# Wardley's Algae Wafers - Copper Sulfate!!! Help!



## sewingalot (Oct 12, 2008)

I just bought awesome red cherry shrimp from epicfish and was not aware how quickly they would clean the algae from the plants. Over night they must have been busy because the java is sparkling clean. :eek5:

Being worried they didn't have enough to eat, I put in an algae wafer. After they were already eating, I noticed the ingredient copper sulfate! What did I do? :icon_cry: I took the wafer out immediately, but they already ate some of it. It has been a few hours and they don't look abnormal. Are they going to be okay? 

Please help! This is my first time owning shrimp and cannot find anything but how deadly copper is. :frown:


----------



## wondabread (Apr 23, 2009)

sewingalot said:


> I just bought awesome red cherry shrimp from epicfish and was not aware how quickly they would clean the algae from the plants. Over night they must have been busy because the java is sparkling clean. :eek5:
> 
> Being worried they didn't have enough to eat, I put in an algae wafer. After they were already eating, I noticed the ingredient copper sulfate! What did I do? :icon_cry: I took the wafer out immediately, but they already ate some of it. It has been a few hours and they don't look abnormal. Are they going to be okay?
> 
> Please help! This is my first time owning shrimp and cannot find anything but how deadly copper is. :frown:


I believe I've read that the shrimpies need it for proper molting and shell development, just not too much.
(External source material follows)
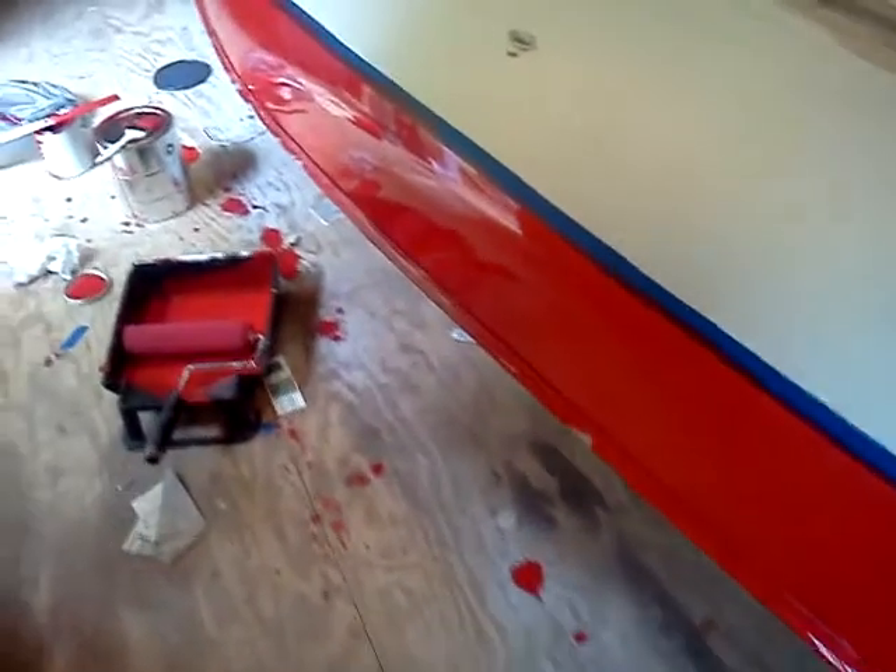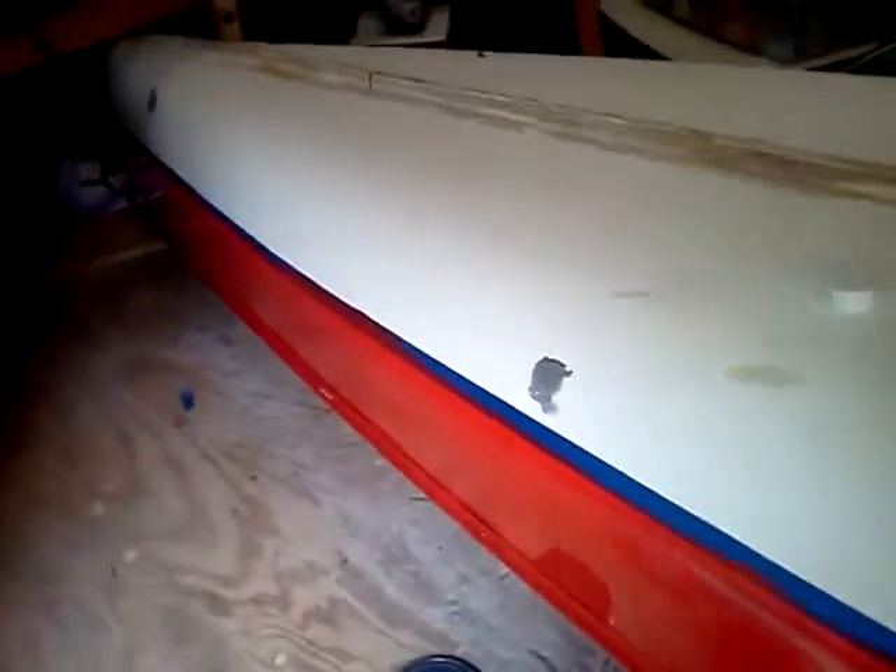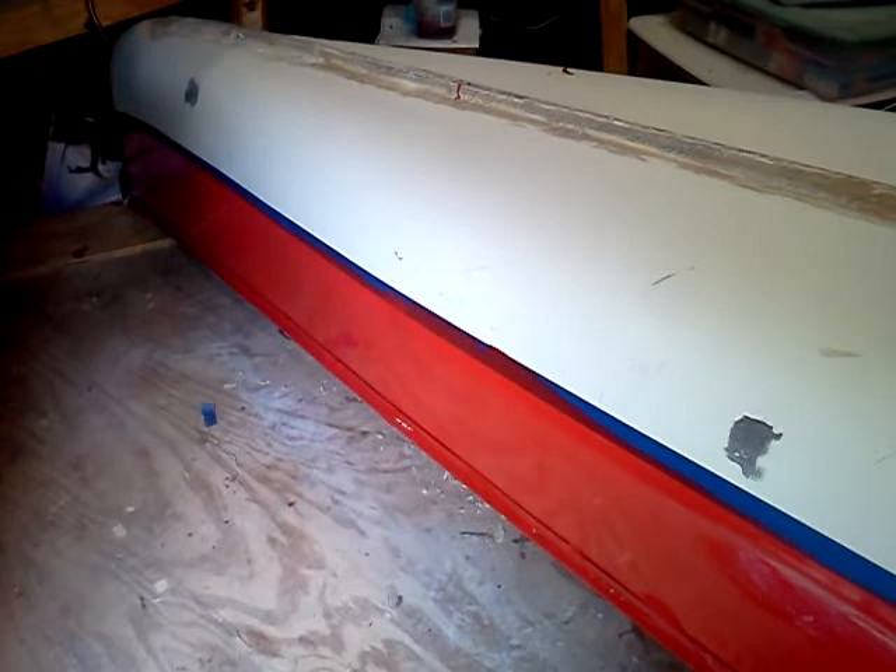Well, the first coat's down. I'm definitely going to want to put two coats on this because it's looking a little thin, but the more it dries, the more I like it. So, we'll see.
Copper is also in the Hikari shrimp food and the crab bites too iirc. I think you'll be fine, but I'm not a shrimpologist. Hopefully an expert can confirm.


----------



## imeridian (Jan 19, 2007)

With such a small amount there's not much to worry about. Do try to avoid copper sulfate though.

Hikari algae wafers don't contain copper sulfate, nor do their micro wafers, crab cuisine, and sinking wafers. HBH Crab & Lobster bites do contain copper proteinate, but that is generally regarded as invert safe, and essential to their blood-like fluids, etc. 

<-- not an expert, but I play one on tpt... :icon_roll :icon_cool


----------



## wondabread (Apr 23, 2009)

imeridian said:


> With such a small amount there's not much to worry about. Do try to avoid copper sulfate though.
> 
> Hikari algae wafers don't contain copper sulfate, nor do their micro wafers, crab cuisine, and sinking wafers. HBH Crab & Lobster bites do contain copper proteinate, but that is generally regarded as invert safe, and essential to their blood-like fluids, etc.
> 
> <-- not an expert, but I play one on tpt... :icon_roll :icon_cool


That's what it was, blood, not shell. :thumbsup:


----------



## sewingalot (Oct 12, 2008)

Thanks you guys! I am relieved to hear this. In the meantime, I feel better about the mishap and threw in some more of George's algae covered java for them to eat.


----------



## southerndesert (Sep 9, 2007)

Just a tip:

Take care to not overfeed with shrimp as it could foul the water and cause sick shrimp. Only leave in tank what is eaten within an hour or two and remove the rest.


----------



## dindin (Mar 4, 2009)

southerndesert said:


> Just a tip:
> 
> Take care to not overfeed with shrimp as it could foul the water and cause sick shrimp. Only leave in tank what is eaten within an hour or two and remove the rest.


Oh, thanks for the tip. I have been leaving algae wafers in the shrimp tank; they last 3 days (at which point the snails congregate on them and eat the rest).


----------



## feiyang (Jan 25, 2008)

3 days is bit too long.. i normally feed them at night and pickup leftover next morning. snails will clean up the dirt...


----------



## sewingalot (Oct 12, 2008)

dindin said:


> Oh, thanks for the tip. I have been leaving algae wafers in the shrimp tank; they last 3 days (at which point the snails congregate on them and eat the rest).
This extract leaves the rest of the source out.